RE: Strange join table criteria in apache drill

Kunal Khatua Tue, 23 Apr 2019 21:53:26 -0700

(Adding this to the user mailing list for future reference and see if anyone 
else has alternative solutions)


Hi Charles

What you pointed out is the same issue as the mail I shared regarding the GROUP 
BY clause. There seems to be a limitation in the Calcite planner w.r.t. the 
JDBC storage plugin. I'm actually wondering how come you do not have the need 
for table aliases when defining the predicate. Perhaps that *might* resolve the 
issue of the filter being pushed down to the source.

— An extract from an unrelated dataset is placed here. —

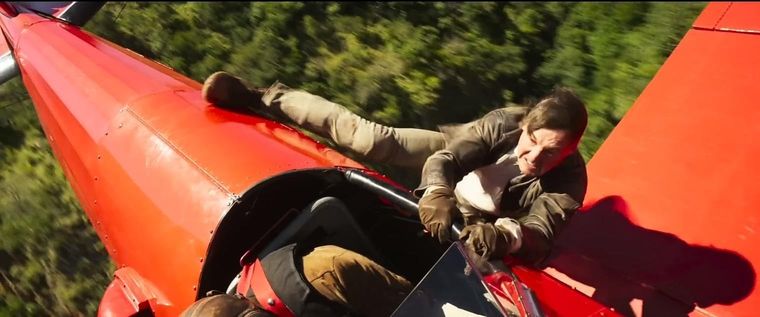 Tom Cruise vuelve a dejarlo todo para conseguir las mejores escenas de acción. Tom Cruise vuelve a dejarlo todo para conseguir las mejores escenas de acción.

It seems that the GROUP BY (or in your case, the WHERE) clause is being pushed 
down to the source only for the first source.

This isn't a bug in the sense that you are getting wrong results, but is 
definitely a performance bug. As suggested in that thread, one option would be 
to identify which source will be smaller to stream in the absence of the 
filter, and make that the second source in the union query.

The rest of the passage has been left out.